Glastonbury Festival is the largest greenfield music and performing arts festival in the world and a template for all the festivals that have come after it. The difference is that Glastonbury has all the best aspects of being at a Festival in one astonishing bundle.
It's like going to another country, a hip and thrilling Brigadoon that appears every year or so. Coming to Glastonbury involves a fair amount of travel, and probably a queue to get in but, when you get past these impediments, you enter a huge tented city, a mini-state under canvas. British law still applies, but the rules of society are a bit different, a little bit freer. Everyone is here to have a wild time in their own way.The Festival site has distinct socio-geographic regions. The more commercial aspects are around the Pyramid, Other and Dance stages, which feels as if the West End of London on a Saturday night has been removed to a field and thoroughly beautified. Unlike the West End, visitors are on every guest list, from the night time cinemas to the biggest gigs.
But that busy whirl of excitement is not to everyone's taste. To accomodate the more laid-back reveller, more chilled out areas like the Jazzworld and Acoustic areas are in easy walking distance. If that's still not the relaxed state a Glasto-goer is after, there's also family oriented areas like the Kidz Field, the Theatre and Circus fields. And if you're into the more alternative, less noisy aspects of festival life, you can always head up to the Field of Avalon, the Tipi Field, and the Green Fields. At the top of the site is the Sacred Space - the stone circle is a modern construction, but it has already seen as much celebration and ceremony as some of its forebears. Sun-up on a Sunday morning, with drums and torches and chanting and an astonishing measure of joy from the sleepless revellers at the Stone Circle is a glorious sight to behold.

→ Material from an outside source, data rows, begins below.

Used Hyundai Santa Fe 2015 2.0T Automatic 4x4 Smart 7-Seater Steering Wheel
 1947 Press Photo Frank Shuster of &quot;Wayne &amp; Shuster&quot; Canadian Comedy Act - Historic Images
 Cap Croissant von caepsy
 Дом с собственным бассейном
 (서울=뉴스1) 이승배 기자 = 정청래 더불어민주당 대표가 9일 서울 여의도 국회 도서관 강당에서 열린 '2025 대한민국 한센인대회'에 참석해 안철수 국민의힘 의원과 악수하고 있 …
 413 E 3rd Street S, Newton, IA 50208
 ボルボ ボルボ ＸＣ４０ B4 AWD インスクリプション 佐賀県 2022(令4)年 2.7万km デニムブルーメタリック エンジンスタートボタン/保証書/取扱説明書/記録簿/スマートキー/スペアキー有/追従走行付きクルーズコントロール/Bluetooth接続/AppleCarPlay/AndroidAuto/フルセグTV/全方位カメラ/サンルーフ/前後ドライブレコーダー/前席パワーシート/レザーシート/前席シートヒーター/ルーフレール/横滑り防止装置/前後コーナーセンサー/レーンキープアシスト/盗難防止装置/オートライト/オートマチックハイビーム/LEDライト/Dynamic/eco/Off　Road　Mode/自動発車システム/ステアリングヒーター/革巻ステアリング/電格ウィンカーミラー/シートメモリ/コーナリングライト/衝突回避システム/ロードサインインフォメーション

The Festival takes place in a beautiful location - 900 acres in the Vale of Avalon, an area steeped in symbolism, mythology and religious traditions dating back many hundreds of years. It's where King Arthur may be buried, where Joseph of Arimathea is said to have walked, where leylines converge. And the site is ENORMOUS - more than a mile and a half across, with a perimeter of about eight and a half miles.